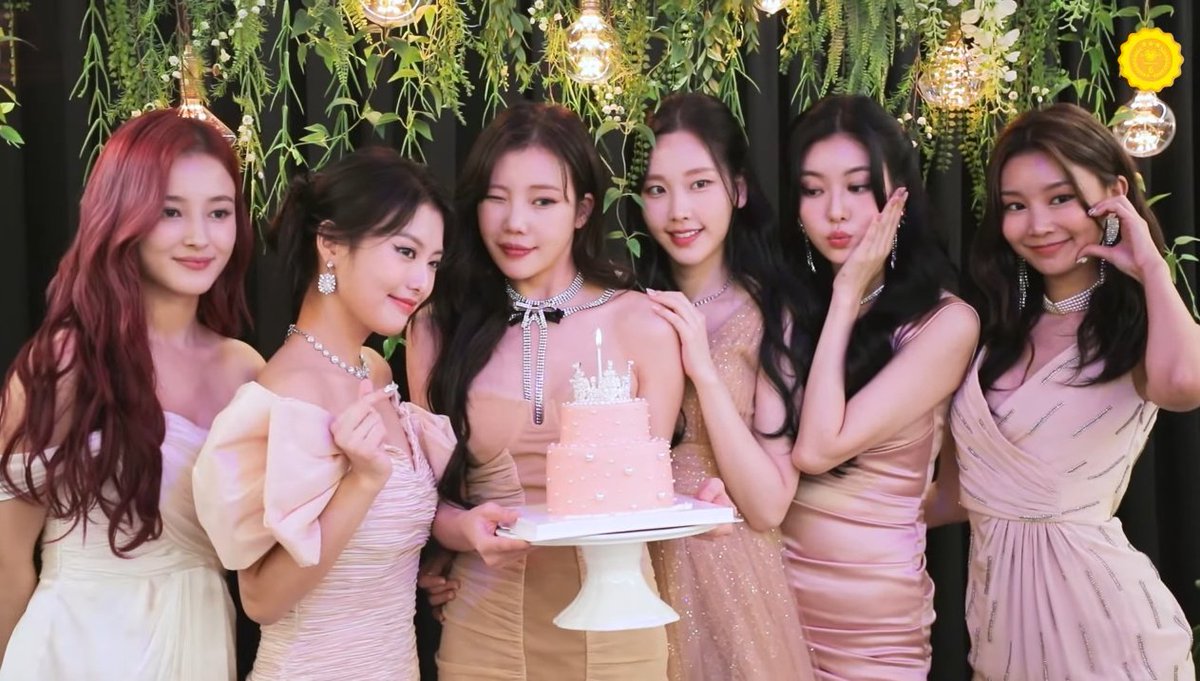 BTSMOMOLAND11's tweet photo. Things could have been different... we could have 4 comebacks a year, world tours, concerts, solo activities, tiktok videos(🙂that small things too).. we were not lucky.😔  Everything that because of mld. I hate you🤢
#RESPECTMOMOLAND #MOMOLANDFREE https://t.co/sWwNZrplSj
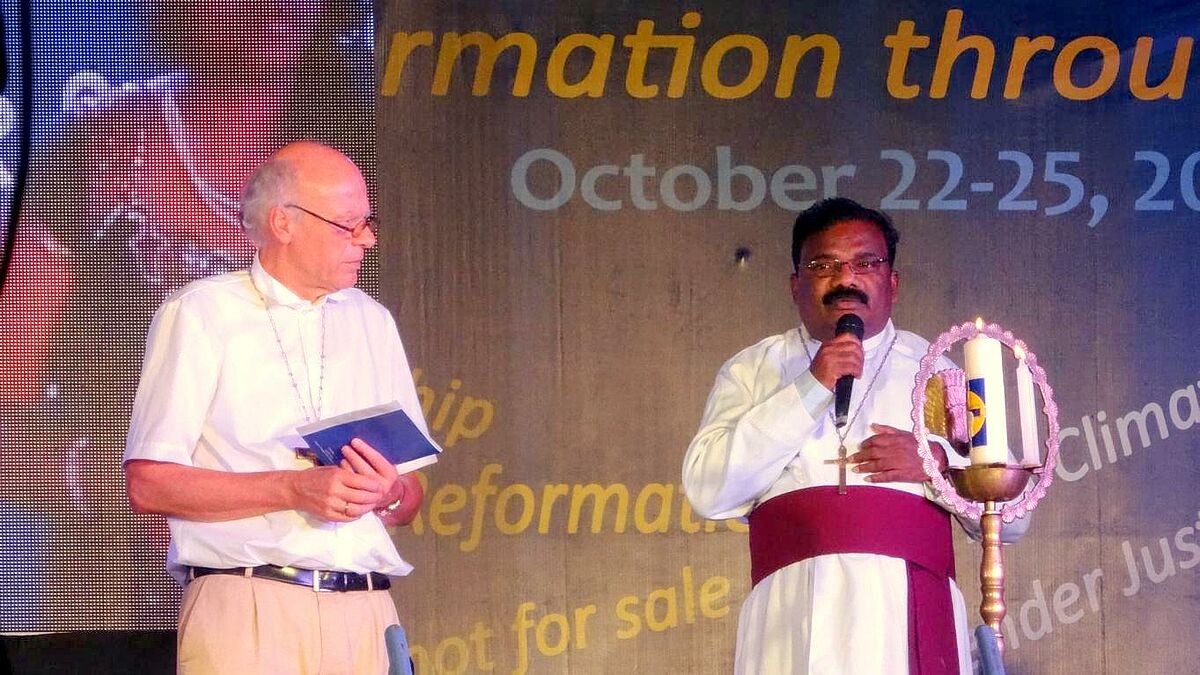 Bischof Julias Santosh und Landesbischof Ulrich bei der Eröffnung des Jugendkongresses am 22. Oktober in Jeypore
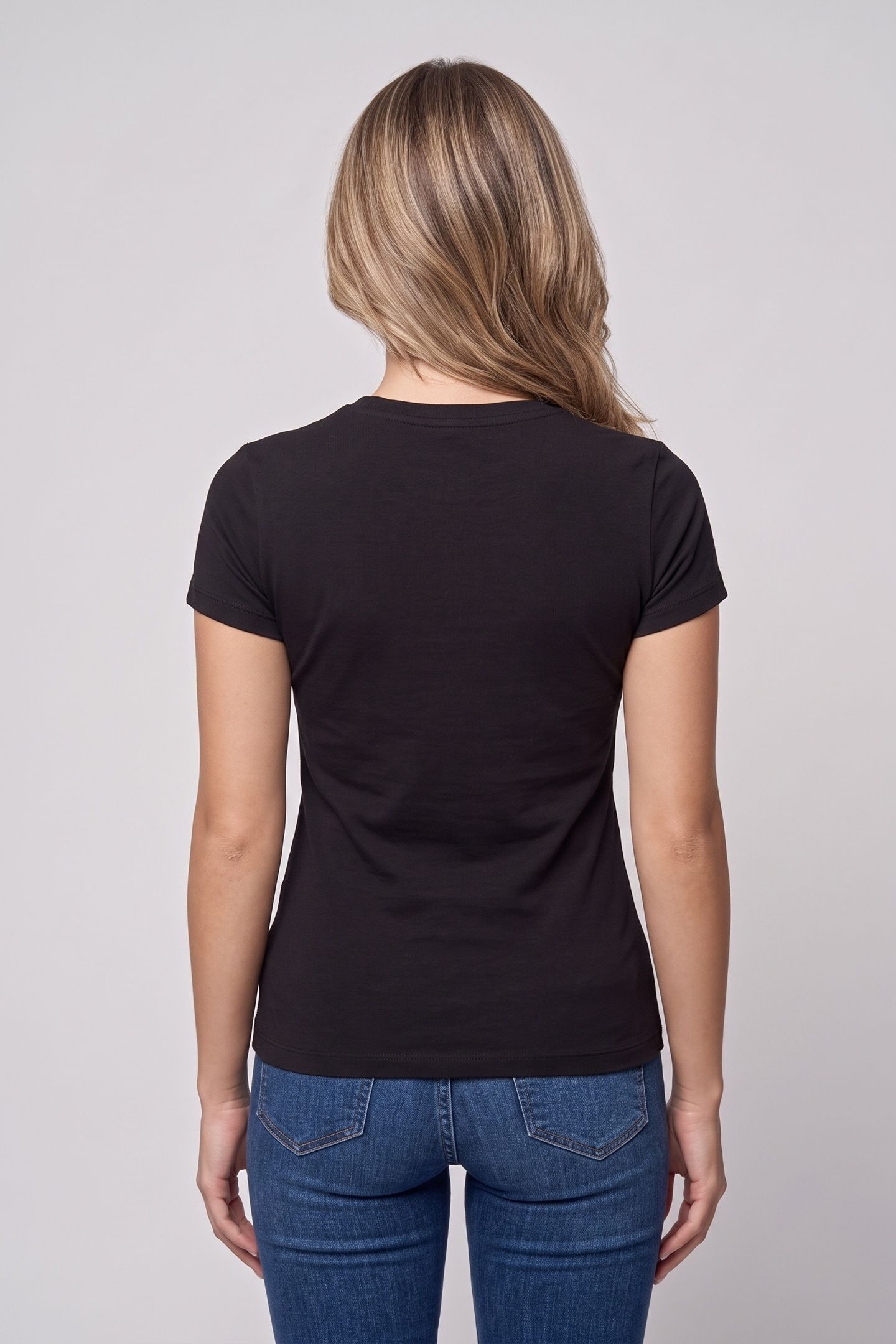 SS CN TRIANGLE LEO T JET BLACK A996 2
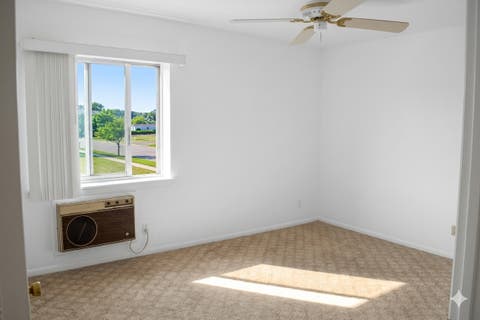 Tiny photo for 1301 S Finley Road #222, Lombard, IL 60148 (MLS # 12695724)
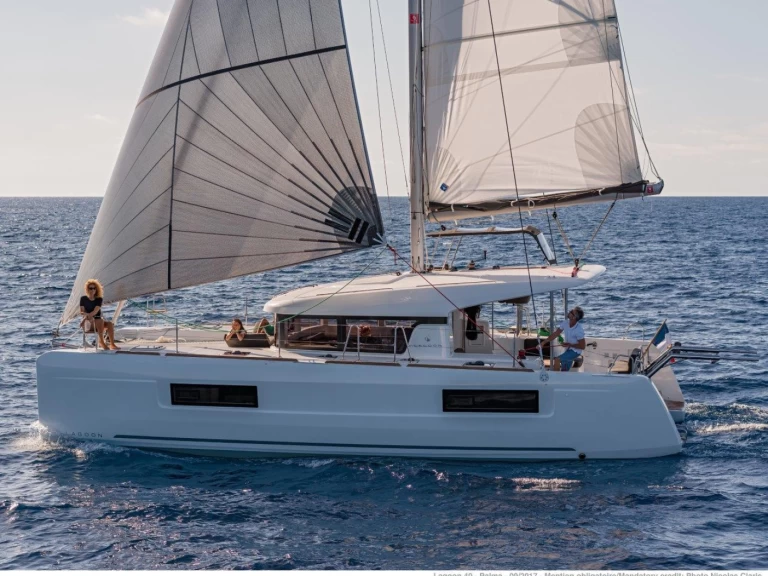 Catamaran to hire Alimos at the best price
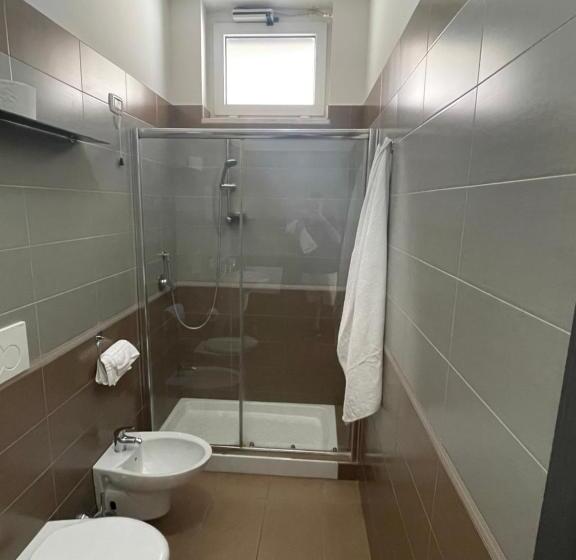 חדר סטנדרט לשלושה עם נוף לגינה, B&b Mirage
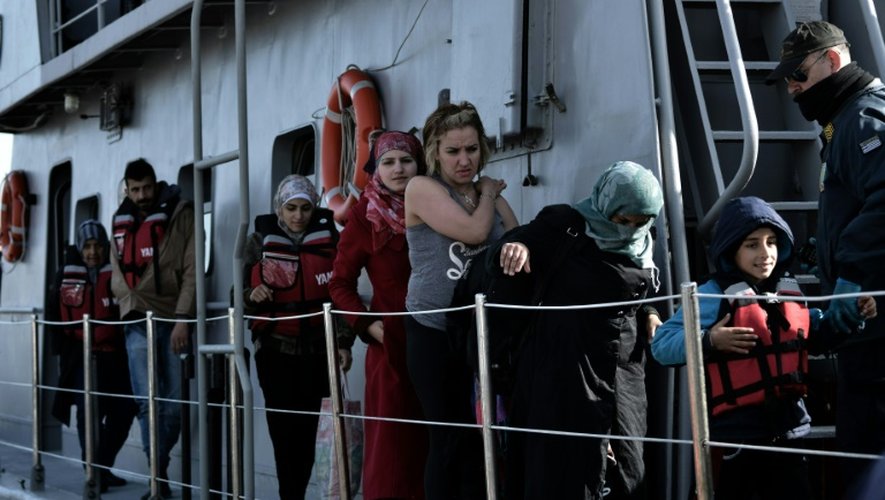 Des migrants recueillis en mer par les garde-côtes grecs, le 4 avril 2016, à Mytilène en Grèce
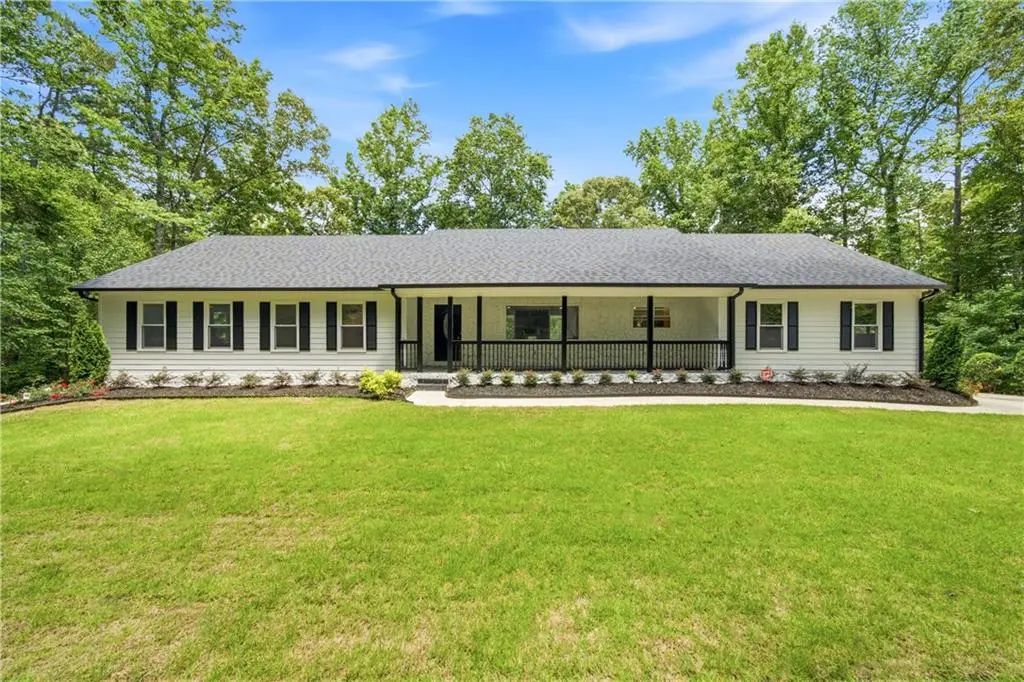 5070 River Lake Drive, Chattahoochee Hills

## What the task asks
Every line from the one containing "Catamaran to hire Alimos at the best price" through the last line of the data is to be retyped exactly, with nothing added and no pictures included.

## Task answer
 Catamaran to hire Alimos at the best price
 חדר סטנדרט לשלושה עם נוף לגינה, B&b Mirage
 Des migrants recueillis en mer par les garde-côtes grecs, le 4 avril 2016, à Mytilène en Grèce
 5070 River Lake Drive, Chattahoochee Hills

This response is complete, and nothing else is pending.